Article publié le 25 mars 2011

Les prothèses mammaires : un autre scandale sanitaire ?

Le scandale de Médiator révèle la défaillance de notre système de surveillance des médicaments et des dispositifs sanitaires. Elle provient d'une gangrène de l'organisme de contrôle de personnes ayant des conflits d'intérêts. Autrement dit, ils sont payés par les parties adverses pour être juge et parti. En 1998, cette relation scandaleuse a été à l'origine de la création de l'Afssaps et la dissolution de son ancêtre. Vu les scandales récents, l'organisme semble n'avoir changé que de nom.

Ce scandale remet en question la sécurité réelle de tous les autres médicaments et dispositifs sanitaires agréés.
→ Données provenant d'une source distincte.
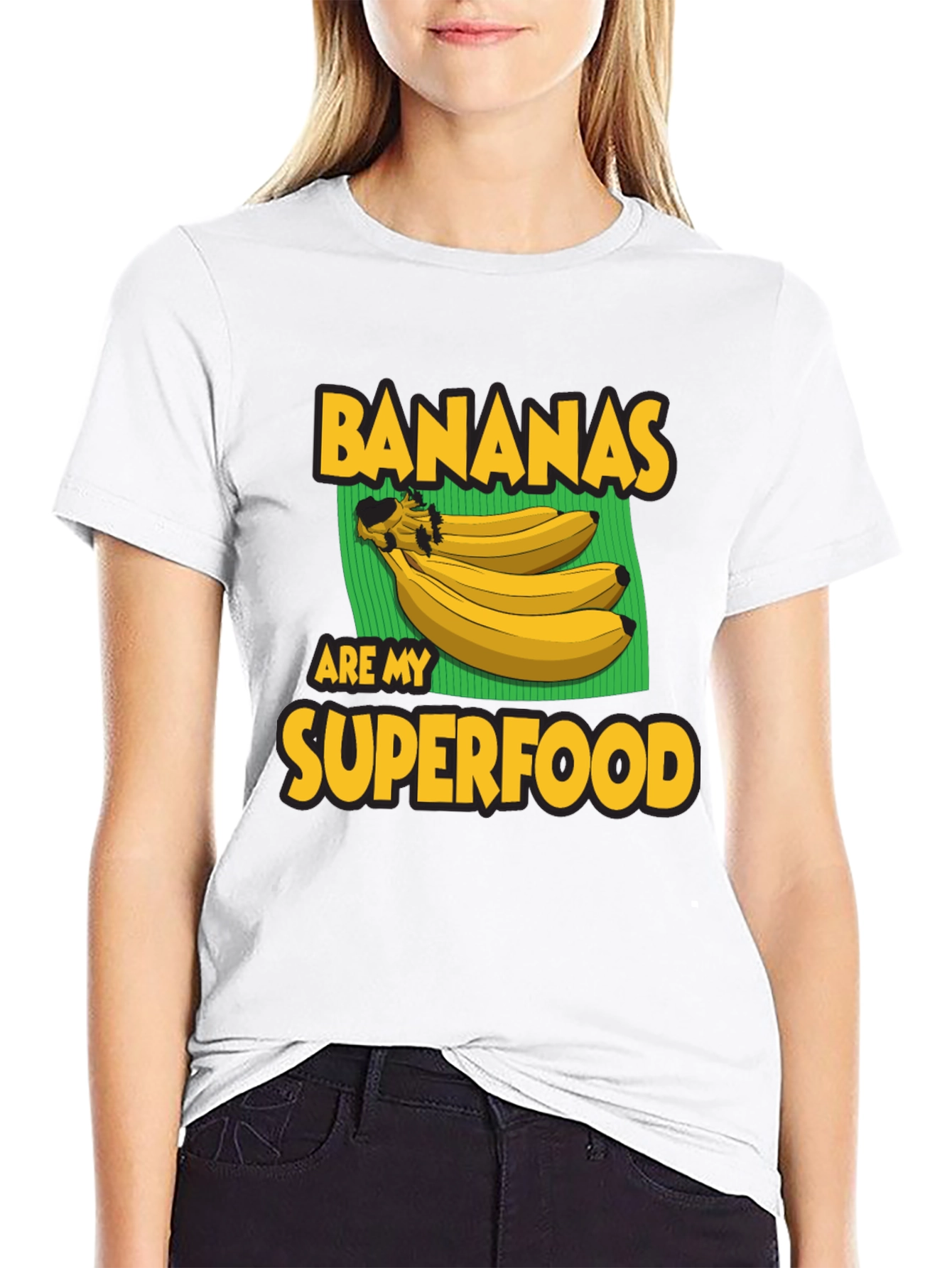 Black Banana Superfood Graphic Tee - Black T-Shirt view 9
Pour les médecins de base, qui appuient leur pratique sur la recommandation des experts payés par l'État, c'est l'angoisse. Comment pourraient-ils vérifier eux-même toutes les données médicales après 40 heures de travail hebdomadaire en moyenne sans compter la comptabilité, la gestion du personnel, la gestion des produits utilisés, la paperasse des caisses de sécurité sociale ?

80 médecins ont été blâmés car ils prescrivent le Médiator en dehors de l'indication préconisée par des experts de l'Afssaps. Mais qu'en est il en cas de complications quand l'indication de prescription est totalement justifiée mais le produit est mal jugé par ces experts ?
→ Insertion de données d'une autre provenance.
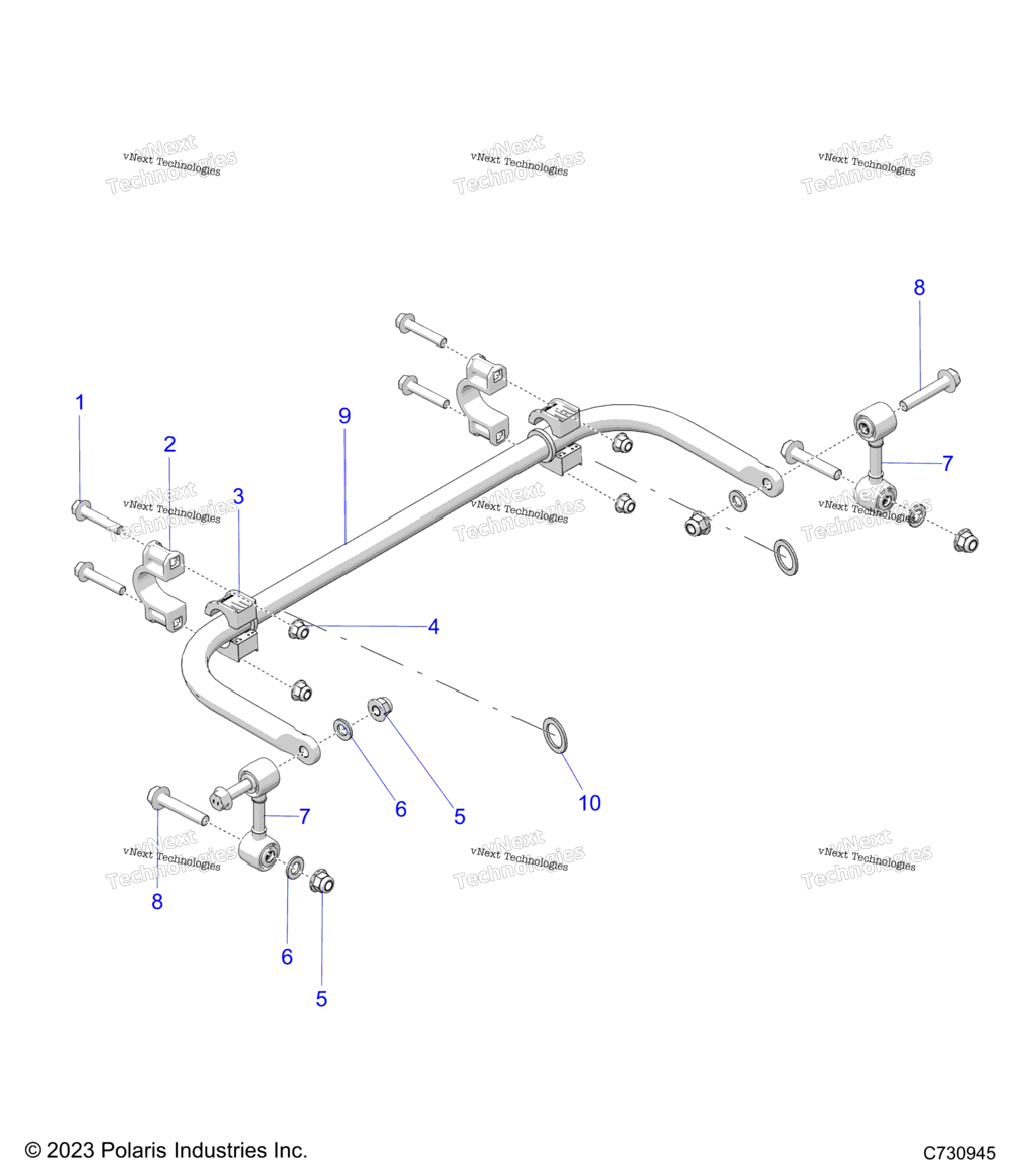 Suspension, Rear Stabilizer Bar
Tel est le problème des fuites des prothèses mammaires. Les conséquences sont dramatiques (1). Tout d'abord, cette opération n'a pas une indication vitale mais psychologique de bien être. L'apparence a pris une place très importante dans notre société et constitue une part de bien-être psychologique. Pour cette raison, la reconstitution mammaire est totalement prise en charge par la société via la Sécurité sociale en cas de cancer ou si le chirurgien peut justifier une possible amélioration psychologique grâce à l'opération comme le cas d'une déformation mammaire importante des seins suite aux grossesses multiples avec retentissement dans la vie de couple. De ce fait, les demandeurs d'intervention mammaire sont souvent des personnes psychologiquement fragiles. Dans l'indication purement esthétique, ce sont également des personnes fragiles psychologiquement. Plusieurs études révèlent un taux de suicide bien plus élevé de deux fois en moyenne dans cette population par rapport à la population générale ((2) page 56). Par conséquent, les échecs ont un retentissement moral aussi plus grave.
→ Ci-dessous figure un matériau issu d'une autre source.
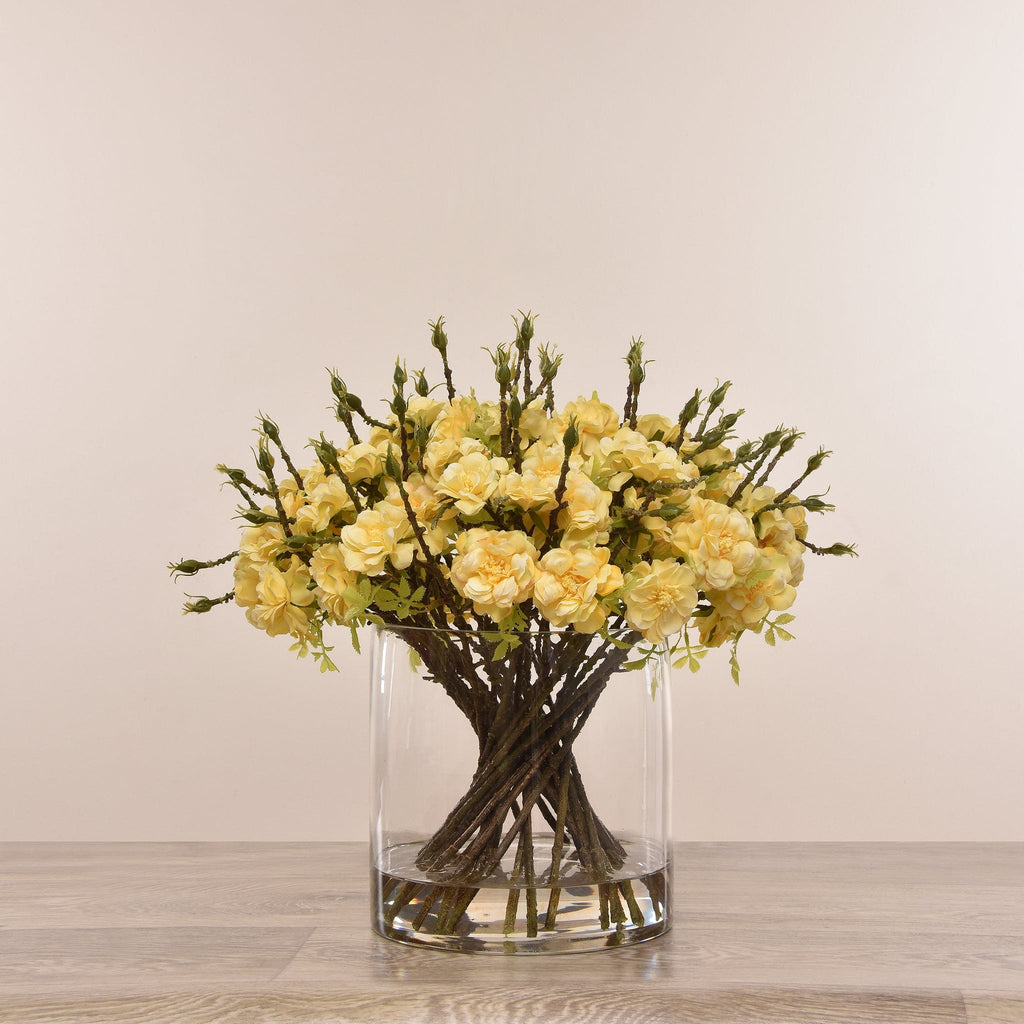 Artificial Wild Rose Arrangement - Bloomr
En avril 2010, le scandale des prothèses mammaires défectueuses éclate. Le plus terrible est que les études effectuées sur ces prothèses ne semblent pas prouver leur innocuité sur la santé des patients comme le révèle le rapport édifiant de l'HAS (Haute autorité sanitaire) sur les études existantes sur les prothèses mammaires en Mai 2009 (2). Et malgré ce manque de preuve d'innocuité, ces prothèses ont été tout de même commercialisées et greffées sur de nombreux patients.

Cette étude recense 572 études mais seules 48 (8,4%) ont été retenues comme fiables. Il existe alors de très grand nombre de publications « bidon ». En ce qui concerne la prothèse PIP, une seule étude a été considérée comme sérieuse ! Comment les experts des autorités sanitaires ont-ils pu permettre la commercialisation d'un produit de « confort » dont une seule étude sérieuse est répertoriée ? Quant aux chirurgiens plasticiens qui se donnent toujours le rôle d'expert en esthétique, aucun n'a révélé ce fait. Tous ont longtemps utilisé ces prothèses. Cela remet en question la légitimité de leur prétention d'être le fer de lance et la garantie de la qualité en médecine esthétique.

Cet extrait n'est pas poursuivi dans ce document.